Print the records below exactly, starting at the first line and stopping after the line that contains "[K-POP] EXO - Intro". Leave out any pictures.

*** Opening AVAILABLE DATA ***

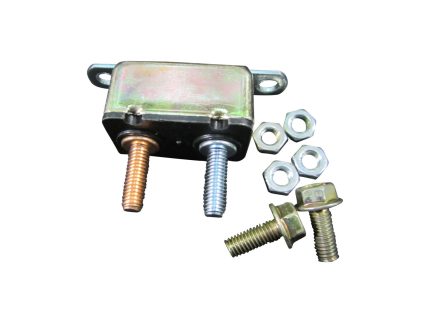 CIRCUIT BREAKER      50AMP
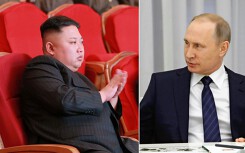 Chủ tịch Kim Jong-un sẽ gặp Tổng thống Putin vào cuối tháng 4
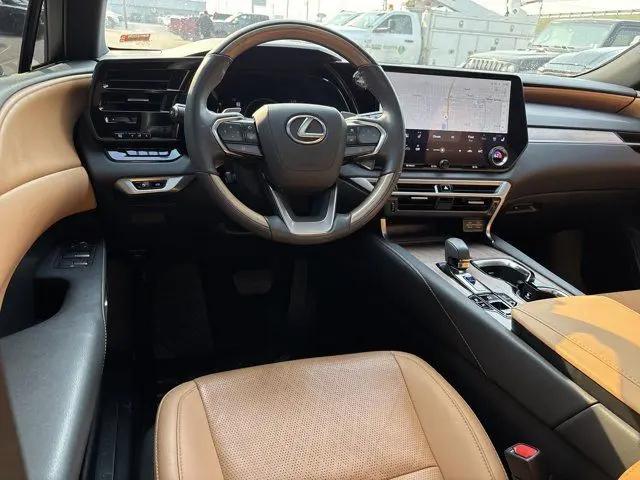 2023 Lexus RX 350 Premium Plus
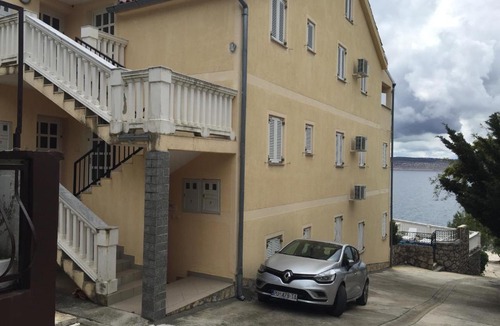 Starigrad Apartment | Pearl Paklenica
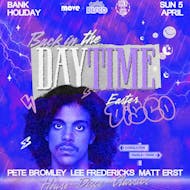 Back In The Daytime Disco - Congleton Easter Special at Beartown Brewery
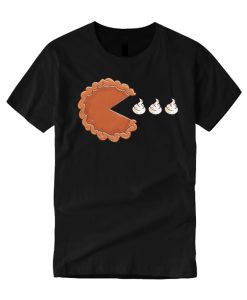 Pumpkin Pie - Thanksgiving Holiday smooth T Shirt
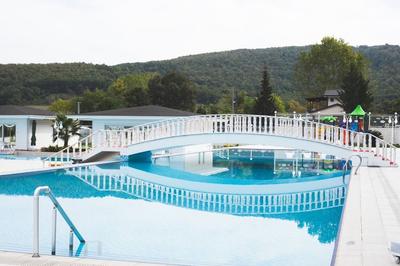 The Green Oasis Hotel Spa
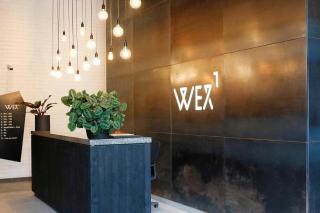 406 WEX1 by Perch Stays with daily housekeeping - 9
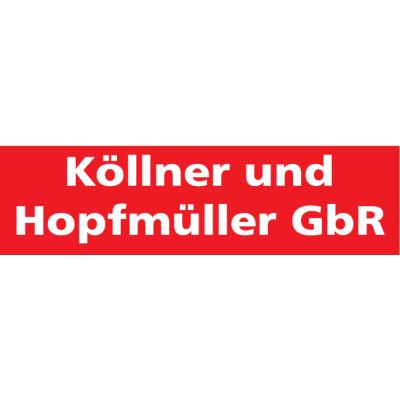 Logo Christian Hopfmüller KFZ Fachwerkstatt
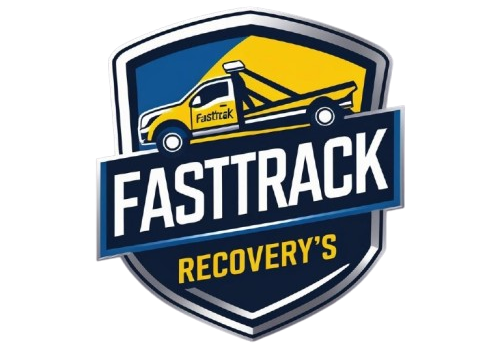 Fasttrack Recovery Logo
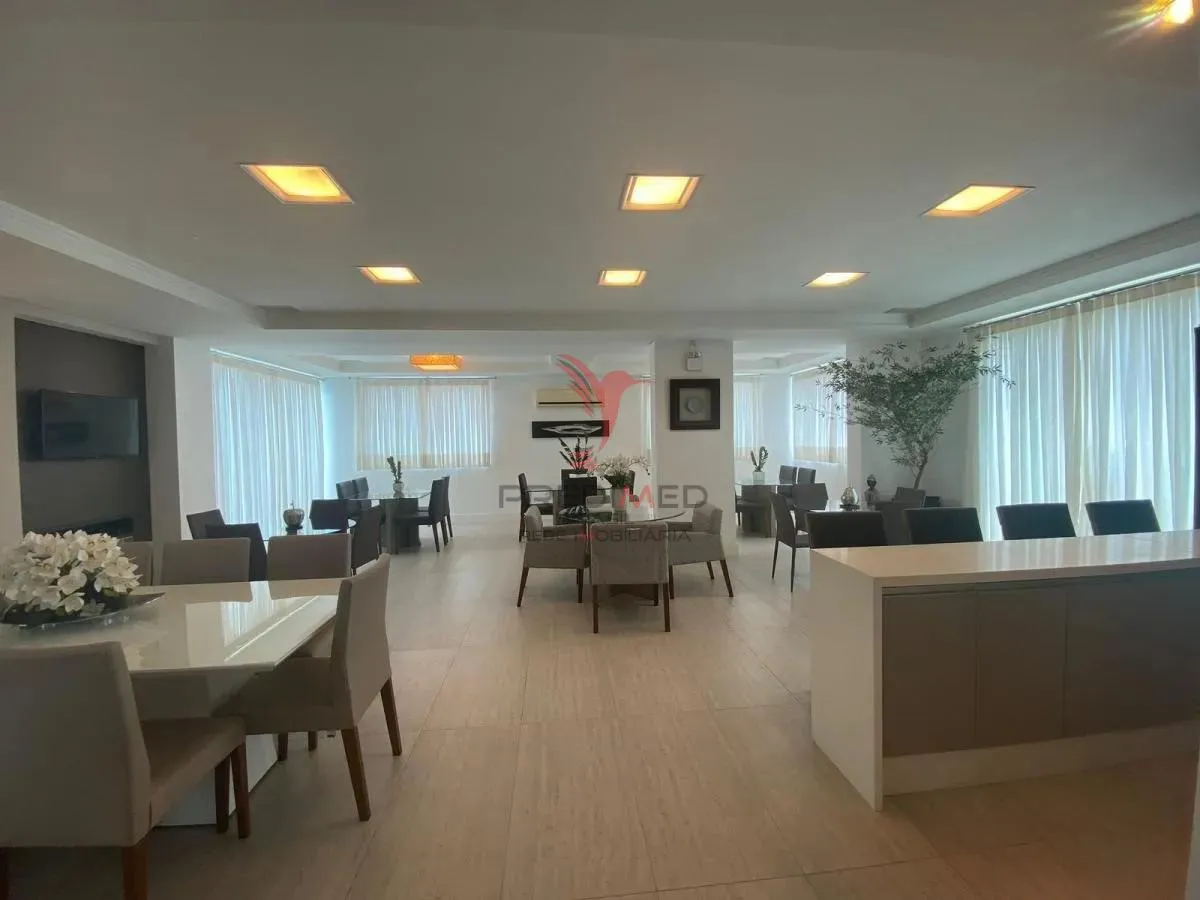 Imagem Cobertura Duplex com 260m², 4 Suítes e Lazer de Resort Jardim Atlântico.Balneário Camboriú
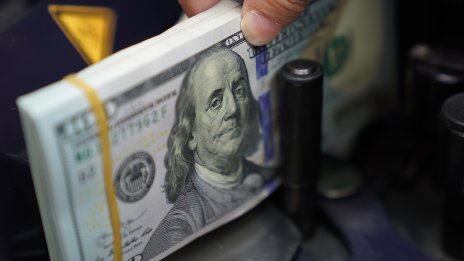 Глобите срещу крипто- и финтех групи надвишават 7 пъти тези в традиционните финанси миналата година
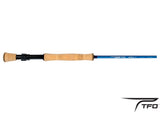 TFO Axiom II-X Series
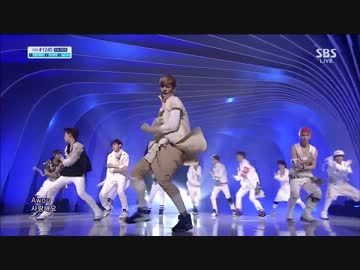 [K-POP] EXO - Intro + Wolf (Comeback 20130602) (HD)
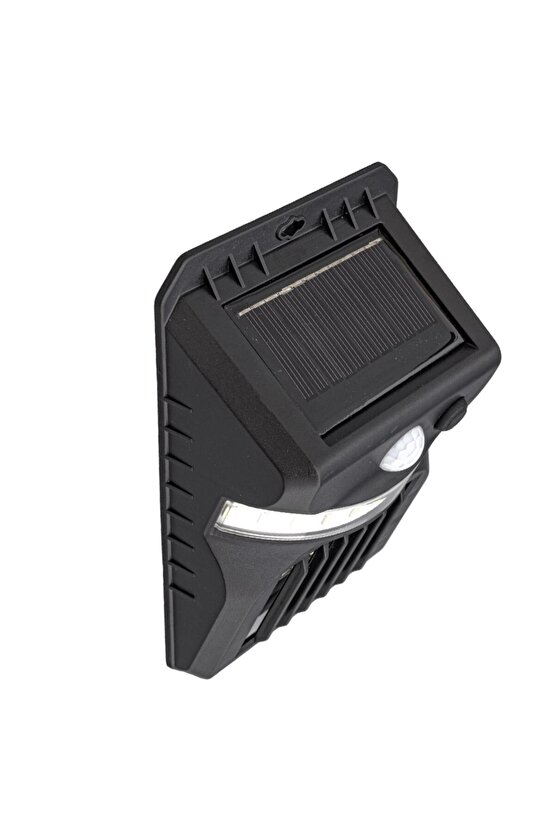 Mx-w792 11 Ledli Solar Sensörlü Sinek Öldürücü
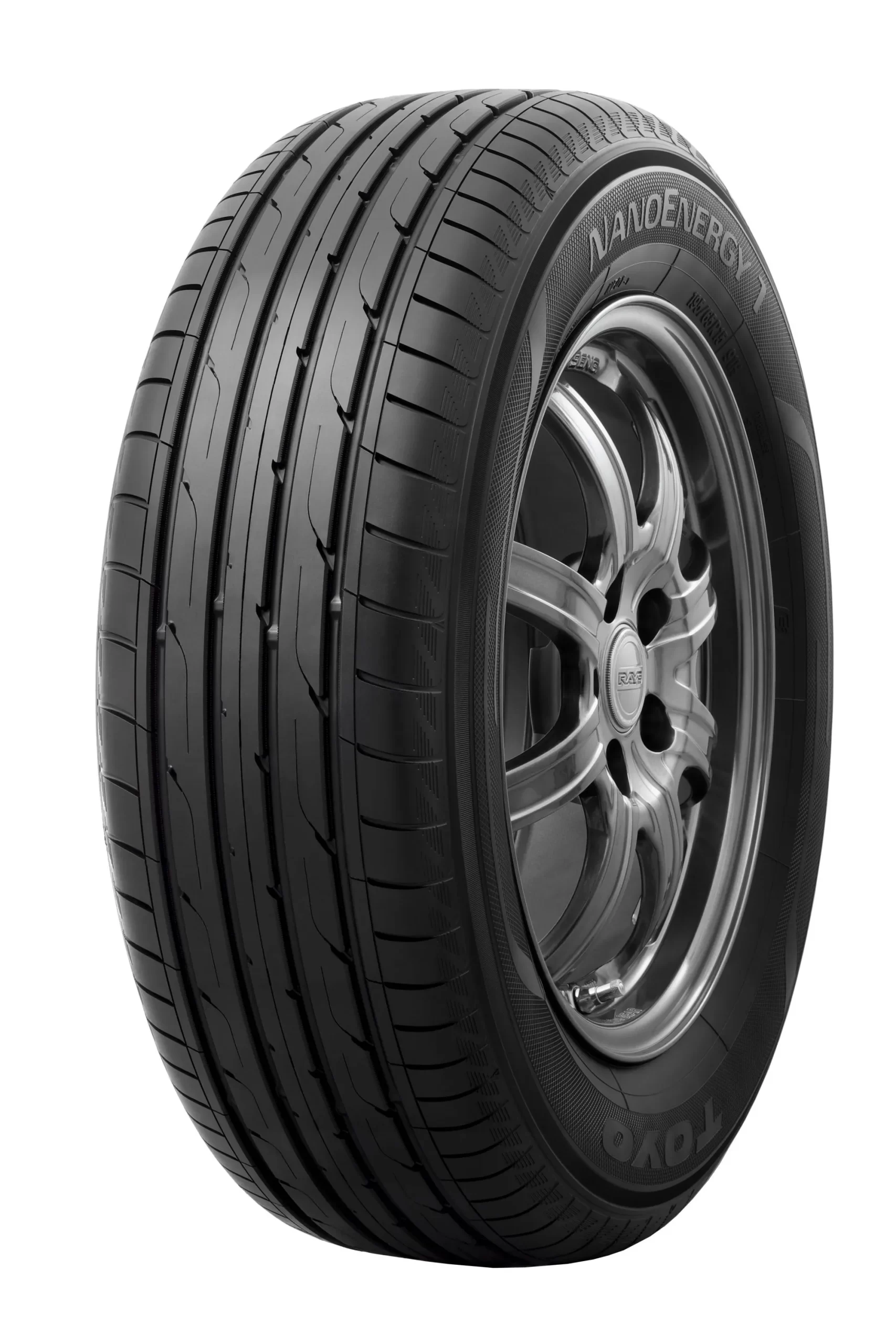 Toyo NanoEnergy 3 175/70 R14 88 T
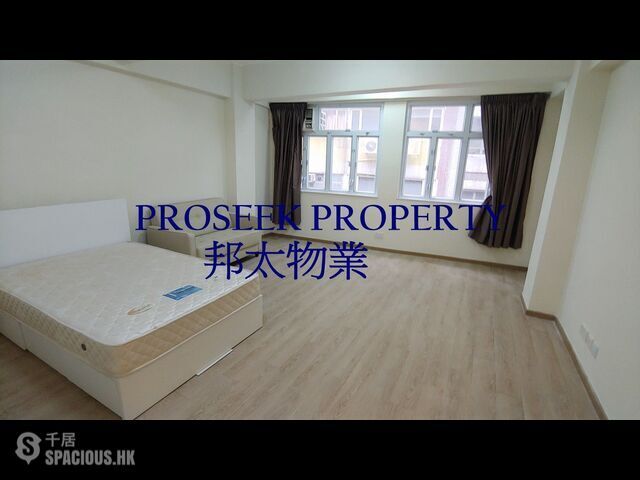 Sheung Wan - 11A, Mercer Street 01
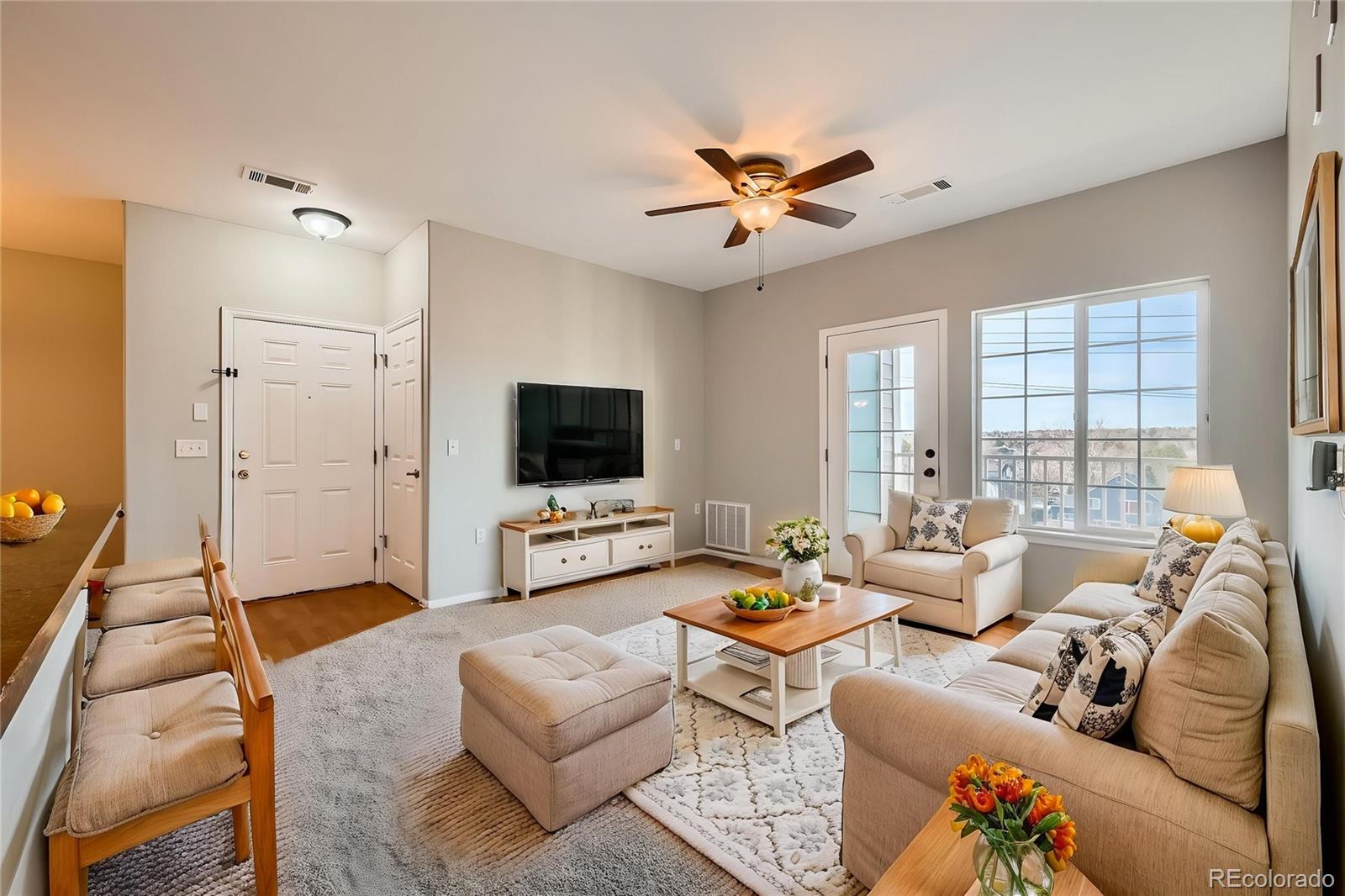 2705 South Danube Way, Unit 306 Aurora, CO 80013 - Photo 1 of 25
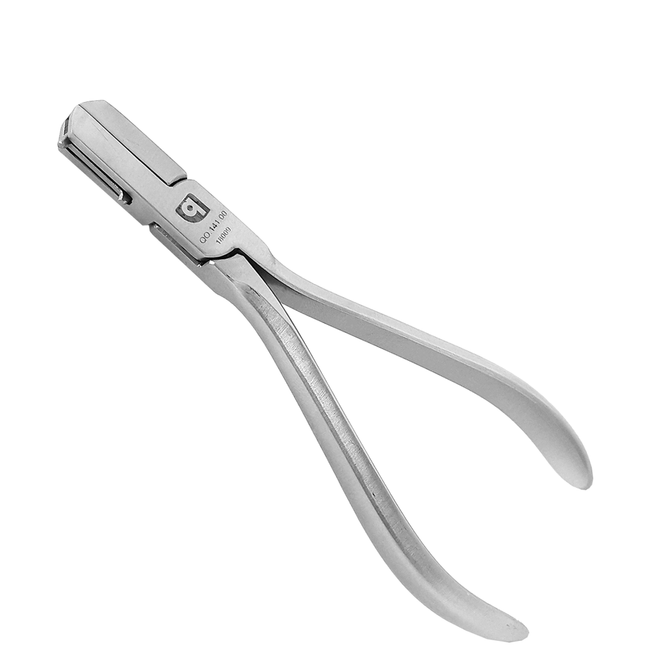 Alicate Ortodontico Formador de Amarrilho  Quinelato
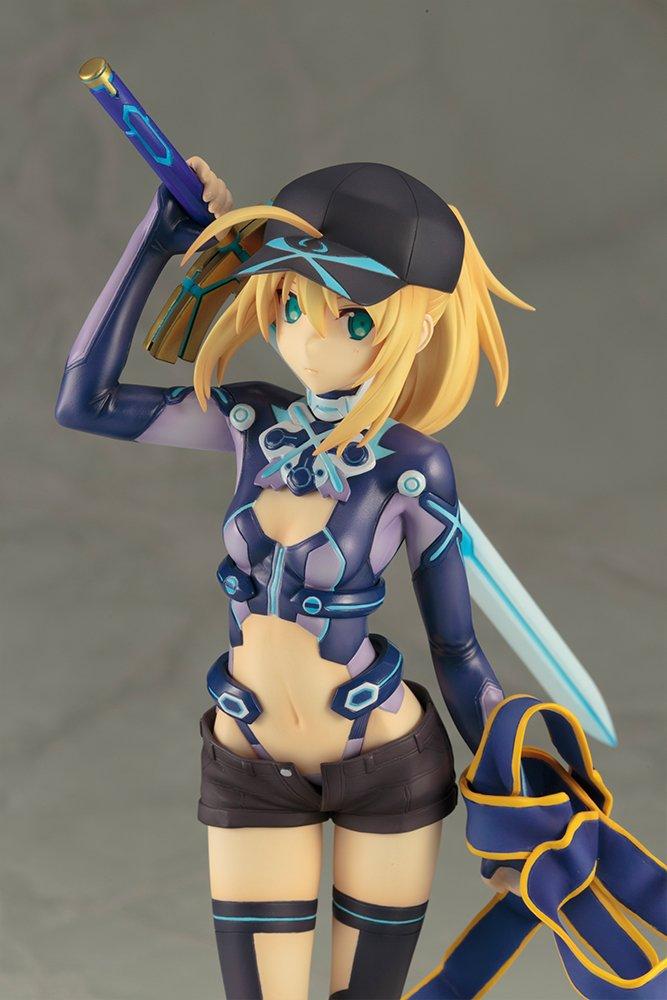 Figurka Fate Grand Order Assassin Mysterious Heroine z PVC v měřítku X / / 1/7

*** Closing AVAILABLE DATA ***

ANSWER FOR THE TASK:
 CIRCUIT BREAKER      50AMP
 Chủ tịch Kim Jong-un sẽ gặp Tổng thống Putin vào cuối tháng 4
 2023 Lexus RX 350 Premium Plus
 Starigrad Apartment | Pearl Paklenica
 Back In The Daytime Disco - Congleton Easter Special at Beartown Brewery
 Pumpkin Pie - Thanksgiving Holiday smooth T Shirt
 The Green Oasis Hotel Spa
 406 WEX1 by Perch Stays with daily housekeeping - 9
 Logo Christian Hopfmüller KFZ Fachwerkstatt
 Fasttrack Recovery Logo
 Imagem Cobertura Duplex com 260m², 4 Suítes e Lazer de Resort Jardim Atlântico.Balneário Camboriú
 Глобите срещу крипто- и финтех групи надвишават 7 пъти тези в традиционните финанси миналата година
 TFO Axiom II-X Series
 [K-POP] EXO - Intro + Wolf (Comeback 20130602) (HD)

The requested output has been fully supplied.